Content starts
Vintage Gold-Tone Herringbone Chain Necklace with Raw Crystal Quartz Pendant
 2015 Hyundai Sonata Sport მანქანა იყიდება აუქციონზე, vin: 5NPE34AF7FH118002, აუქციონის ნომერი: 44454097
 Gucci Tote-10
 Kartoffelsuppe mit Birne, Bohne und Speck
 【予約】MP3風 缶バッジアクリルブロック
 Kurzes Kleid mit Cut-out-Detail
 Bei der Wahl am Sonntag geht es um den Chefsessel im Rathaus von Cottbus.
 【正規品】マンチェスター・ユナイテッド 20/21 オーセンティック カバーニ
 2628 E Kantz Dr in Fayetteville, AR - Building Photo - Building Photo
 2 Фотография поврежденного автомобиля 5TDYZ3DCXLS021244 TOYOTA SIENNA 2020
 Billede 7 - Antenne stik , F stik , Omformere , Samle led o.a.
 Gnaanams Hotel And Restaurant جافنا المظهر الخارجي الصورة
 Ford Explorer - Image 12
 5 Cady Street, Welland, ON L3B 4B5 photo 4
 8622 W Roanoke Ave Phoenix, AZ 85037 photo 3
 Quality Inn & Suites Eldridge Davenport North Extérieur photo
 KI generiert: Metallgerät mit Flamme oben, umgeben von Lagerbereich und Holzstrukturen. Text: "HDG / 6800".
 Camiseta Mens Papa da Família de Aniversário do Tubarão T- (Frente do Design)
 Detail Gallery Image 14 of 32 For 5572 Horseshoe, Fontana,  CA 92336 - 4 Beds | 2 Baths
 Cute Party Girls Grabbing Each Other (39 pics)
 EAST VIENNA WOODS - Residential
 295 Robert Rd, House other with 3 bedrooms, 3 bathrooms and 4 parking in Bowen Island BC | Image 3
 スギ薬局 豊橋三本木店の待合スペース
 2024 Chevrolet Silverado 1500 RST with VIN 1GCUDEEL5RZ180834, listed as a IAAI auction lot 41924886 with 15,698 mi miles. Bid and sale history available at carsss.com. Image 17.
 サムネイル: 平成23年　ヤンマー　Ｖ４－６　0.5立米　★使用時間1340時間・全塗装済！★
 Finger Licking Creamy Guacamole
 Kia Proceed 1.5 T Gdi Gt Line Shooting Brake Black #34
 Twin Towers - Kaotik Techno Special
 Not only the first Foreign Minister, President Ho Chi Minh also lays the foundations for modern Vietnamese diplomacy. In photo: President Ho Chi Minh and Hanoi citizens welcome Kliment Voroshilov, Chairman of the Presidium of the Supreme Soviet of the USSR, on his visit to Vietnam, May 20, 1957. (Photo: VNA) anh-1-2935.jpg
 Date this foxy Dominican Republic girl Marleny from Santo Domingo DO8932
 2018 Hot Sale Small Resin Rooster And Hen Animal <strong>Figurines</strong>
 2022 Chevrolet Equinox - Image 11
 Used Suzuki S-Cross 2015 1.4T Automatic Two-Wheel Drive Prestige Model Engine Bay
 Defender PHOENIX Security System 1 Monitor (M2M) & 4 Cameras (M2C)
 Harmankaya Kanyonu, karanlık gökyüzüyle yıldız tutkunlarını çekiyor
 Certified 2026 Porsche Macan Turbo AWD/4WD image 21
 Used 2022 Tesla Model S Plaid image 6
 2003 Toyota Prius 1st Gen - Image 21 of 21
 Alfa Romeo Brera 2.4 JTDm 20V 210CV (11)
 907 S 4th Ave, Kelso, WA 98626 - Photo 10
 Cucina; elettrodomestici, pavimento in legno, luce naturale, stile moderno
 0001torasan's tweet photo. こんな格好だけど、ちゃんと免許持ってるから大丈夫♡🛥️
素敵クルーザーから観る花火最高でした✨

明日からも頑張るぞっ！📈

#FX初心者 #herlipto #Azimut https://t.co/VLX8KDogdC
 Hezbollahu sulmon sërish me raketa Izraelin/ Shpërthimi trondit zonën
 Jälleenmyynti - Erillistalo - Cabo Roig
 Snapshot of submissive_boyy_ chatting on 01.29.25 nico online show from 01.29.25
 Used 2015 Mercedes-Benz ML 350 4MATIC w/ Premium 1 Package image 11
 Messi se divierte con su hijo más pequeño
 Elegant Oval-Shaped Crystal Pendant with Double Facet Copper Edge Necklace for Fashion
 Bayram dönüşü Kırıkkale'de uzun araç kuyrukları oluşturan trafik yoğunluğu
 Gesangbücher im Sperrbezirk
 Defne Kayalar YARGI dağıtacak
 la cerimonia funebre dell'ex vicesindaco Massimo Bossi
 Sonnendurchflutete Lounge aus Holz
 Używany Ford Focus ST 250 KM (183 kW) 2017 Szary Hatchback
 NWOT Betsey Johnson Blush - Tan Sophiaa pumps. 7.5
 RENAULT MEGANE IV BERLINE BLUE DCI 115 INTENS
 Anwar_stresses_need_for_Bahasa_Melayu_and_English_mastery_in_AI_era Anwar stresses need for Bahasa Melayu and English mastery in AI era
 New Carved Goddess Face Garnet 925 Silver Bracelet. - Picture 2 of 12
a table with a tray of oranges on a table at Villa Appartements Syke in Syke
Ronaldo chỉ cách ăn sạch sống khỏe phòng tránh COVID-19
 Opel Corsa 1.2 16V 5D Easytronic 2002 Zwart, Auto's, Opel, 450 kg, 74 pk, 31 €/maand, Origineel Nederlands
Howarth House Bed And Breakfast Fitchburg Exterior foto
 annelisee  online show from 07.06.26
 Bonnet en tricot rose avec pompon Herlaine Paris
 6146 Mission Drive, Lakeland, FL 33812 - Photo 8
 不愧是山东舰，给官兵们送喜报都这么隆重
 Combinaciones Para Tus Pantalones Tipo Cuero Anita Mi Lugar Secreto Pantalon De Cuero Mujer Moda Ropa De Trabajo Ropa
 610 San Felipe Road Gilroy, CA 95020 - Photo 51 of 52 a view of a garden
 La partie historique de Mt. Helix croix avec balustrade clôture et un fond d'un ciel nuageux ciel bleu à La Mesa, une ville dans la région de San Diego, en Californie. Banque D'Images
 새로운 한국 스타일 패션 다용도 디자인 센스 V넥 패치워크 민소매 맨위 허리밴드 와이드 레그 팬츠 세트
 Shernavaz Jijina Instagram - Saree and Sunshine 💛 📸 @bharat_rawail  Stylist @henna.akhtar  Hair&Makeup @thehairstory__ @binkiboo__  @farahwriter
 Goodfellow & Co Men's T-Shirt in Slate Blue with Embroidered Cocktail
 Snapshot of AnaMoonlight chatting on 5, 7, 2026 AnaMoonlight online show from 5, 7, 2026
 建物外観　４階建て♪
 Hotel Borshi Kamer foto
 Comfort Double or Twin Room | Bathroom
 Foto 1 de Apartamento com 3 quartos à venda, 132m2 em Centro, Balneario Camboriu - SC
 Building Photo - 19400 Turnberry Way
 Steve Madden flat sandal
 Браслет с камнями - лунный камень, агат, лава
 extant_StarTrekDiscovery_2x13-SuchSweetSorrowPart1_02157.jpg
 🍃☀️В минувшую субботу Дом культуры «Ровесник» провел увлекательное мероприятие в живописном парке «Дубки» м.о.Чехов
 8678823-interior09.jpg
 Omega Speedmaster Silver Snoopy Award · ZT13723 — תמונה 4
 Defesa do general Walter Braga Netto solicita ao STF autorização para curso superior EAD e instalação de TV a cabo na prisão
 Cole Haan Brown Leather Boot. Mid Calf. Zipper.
Content ends
> **TASK BRIEF**
From the preceding material, extract every line exactly.

> **TASK OUTPUT**
Vintage Gold-Tone Herringbone Chain Necklace with Raw Crystal Quartz Pendant
 2015 Hyundai Sonata Sport მანქანა იყიდება აუქციონზე, vin: 5NPE34AF7FH118002, აუქციონის ნომერი: 44454097
 Gucci Tote-10
 Kartoffelsuppe mit Birne, Bohne und Speck
 【予約】MP3風 缶バッジアクリルブロック
 Kurzes Kleid mit Cut-out-Detail
 Bei der Wahl am Sonntag geht es um den Chefsessel im Rathaus von Cottbus.
 【正規品】マンチェスター・ユナイテッド 20/21 オーセンティック カバーニ
 2628 E Kantz Dr in Fayetteville, AR - Building Photo - Building Photo
 2 Фотография поврежденного автомобиля 5TDYZ3DCXLS021244 TOYOTA SIENNA 2020
 Billede 7 - Antenne stik , F stik , Omformere , Samle led o.a.
 Gnaanams Hotel And Restaurant جافنا المظهر الخارجي الصورة
 Ford Explorer - Image 12
 5 Cady Street, Welland, ON L3B 4B5 photo 4
 8622 W Roanoke Ave Phoenix, AZ 85037 photo 3
 Quality Inn & Suites Eldridge Davenport North Extérieur photo
 KI generiert: Metallgerät mit Flamme oben, umgeben von Lagerbereich und Holzstrukturen. Text: "HDG / 6800".
 Camiseta Mens Papa da Família de Aniversário do Tubarão T- (Frente do Design)
 Detail Gallery Image 14 of 32 For 5572 Horseshoe, Fontana,  CA 92336 - 4 Beds | 2 Baths
 Cute Party Girls Grabbing Each Other (39 pics)
 EAST VIENNA WOODS - Residential
 295 Robert Rd, House other with 3 bedrooms, 3 bathrooms and 4 parking in Bowen Island BC | Image 3
 スギ薬局 豊橋三本木店の待合スペース
 2024 Chevrolet Silverado 1500 RST with VIN 1GCUDEEL5RZ180834, listed as a IAAI auction lot 41924886 with 15,698 mi miles. Bid and sale history available at carsss.com. Image 17.
 サムネイル: 平成23年　ヤンマー　Ｖ４－６　0.5立米　★使用時間1340時間・全塗装済！★
 Finger Licking Creamy Guacamole
 Kia Proceed 1.5 T Gdi Gt Line Shooting Brake Black #34
 Twin Towers - Kaotik Techno Special
 Not only the first Foreign Minister, President Ho Chi Minh also lays the foundations for modern Vietnamese diplomacy. In photo: President Ho Chi Minh and Hanoi citizens welcome Kliment Voroshilov, Chairman of the Presidium of the Supreme Soviet of the USSR, on his visit to Vietnam, May 20, 1957. (Photo: VNA) anh-1-2935.jpg
 Date this foxy Dominican Republic girl Marleny from Santo Domingo DO8932
 2018 Hot Sale Small Resin Rooster And Hen Animal <strong>Figurines</strong>
 2022 Chevrolet Equinox - Image 11
 Used Suzuki S-Cross 2015 1.4T Automatic Two-Wheel Drive Prestige Model Engine Bay
 Defender PHOENIX Security System 1 Monitor (M2M) & 4 Cameras (M2C)
 Harmankaya Kanyonu, karanlık gökyüzüyle yıldız tutkunlarını çekiyor
 Certified 2026 Porsche Macan Turbo AWD/4WD image 21
 Used 2022 Tesla Model S Plaid image 6
 2003 Toyota Prius 1st Gen - Image 21 of 21
 Alfa Romeo Brera 2.4 JTDm 20V 210CV (11)
 907 S 4th Ave, Kelso, WA 98626 - Photo 10
 Cucina; elettrodomestici, pavimento in legno, luce naturale, stile moderno
 0001torasan's tweet photo. こんな格好だけど、ちゃんと免許持ってるから大丈夫♡🛥️
素敵クルーザーから観る花火最高でした✨

明日からも頑張るぞっ！📈

#FX初心者 #herlipto #Azimut https://t.co/VLX8KDogdC
 Hezbollahu sulmon sërish me raketa Izraelin/ Shpërthimi trondit zonën
 Jälleenmyynti - Erillistalo - Cabo Roig
 Snapshot of submissive_boyy_ chatting on 01.29.25 nico online show from 01.29.25
 Used 2015 Mercedes-Benz ML 350 4MATIC w/ Premium 1 Package image 11
 Messi se divierte con su hijo más pequeño
 Elegant Oval-Shaped Crystal Pendant with Double Facet Copper Edge Necklace for Fashion
 Bayram dönüşü Kırıkkale'de uzun araç kuyrukları oluşturan trafik yoğunluğu
 Gesangbücher im Sperrbezirk
 Defne Kayalar YARGI dağıtacak
 la cerimonia funebre dell'ex vicesindaco Massimo Bossi
 Sonnendurchflutete Lounge aus Holz
 Używany Ford Focus ST 250 KM (183 kW) 2017 Szary Hatchback
 NWOT Betsey Johnson Blush - Tan Sophiaa pumps. 7.5
 RENAULT MEGANE IV BERLINE BLUE DCI 115 INTENS
 Anwar_stresses_need_for_Bahasa_Melayu_and_English_mastery_in_AI_era Anwar stresses need for Bahasa Melayu and English mastery in AI era
 New Carved Goddess Face Garnet 925 Silver Bracelet. - Picture 2 of 12
a table with a tray of oranges on a table at Villa Appartements Syke in Syke
Ronaldo chỉ cách ăn sạch sống khỏe phòng tránh COVID-19
 Opel Corsa 1.2 16V 5D Easytronic 2002 Zwart, Auto's, Opel, 450 kg, 74 pk, 31 €/maand, Origineel Nederlands
Howarth House Bed And Breakfast Fitchburg Exterior foto
 annelisee  online show from 07.06.26
 Bonnet en tricot rose avec pompon Herlaine Paris
 6146 Mission Drive, Lakeland, FL 33812 - Photo 8
 不愧是山东舰，给官兵们送喜报都这么隆重
 Combinaciones Para Tus Pantalones Tipo Cuero Anita Mi Lugar Secreto Pantalon De Cuero Mujer Moda Ropa De Trabajo Ropa
 610 San Felipe Road Gilroy, CA 95020 - Photo 51 of 52 a view of a garden
 La partie historique de Mt. Helix croix avec balustrade clôture et un fond d'un ciel nuageux ciel bleu à La Mesa, une ville dans la région de San Diego, en Californie. Banque D'Images
 새로운 한국 스타일 패션 다용도 디자인 센스 V넥 패치워크 민소매 맨위 허리밴드 와이드 레그 팬츠 세트
 Shernavaz Jijina Instagram - Saree and Sunshine 💛 📸 @bharat_rawail  Stylist @henna.akhtar  Hair&Makeup @thehairstory__ @binkiboo__  @farahwriter
 Goodfellow & Co Men's T-Shirt in Slate Blue with Embroidered Cocktail
 Snapshot of AnaMoonlight chatting on 5, 7, 2026 AnaMoonlight online show from 5, 7, 2026
 建物外観　４階建て♪
 Hotel Borshi Kamer foto
 Comfort Double or Twin Room | Bathroom
 Foto 1 de Apartamento com 3 quartos à venda, 132m2 em Centro, Balneario Camboriu - SC
 Building Photo - 19400 Turnberry Way
 Steve Madden flat sandal
 Браслет с камнями - лунный камень, агат, лава
 extant_StarTrekDiscovery_2x13-SuchSweetSorrowPart1_02157.jpg
 🍃☀️В минувшую субботу Дом культуры «Ровесник» провел увлекательное мероприятие в живописном парке «Дубки» м.о.Чехов
 8678823-interior09.jpg
 Omega Speedmaster Silver Snoopy Award · ZT13723 — תמונה 4
 Defesa do general Walter Braga Netto solicita ao STF autorização para curso superior EAD e instalação de TV a cabo na prisão
 Cole Haan Brown Leather Boot. Mid Calf. Zipper.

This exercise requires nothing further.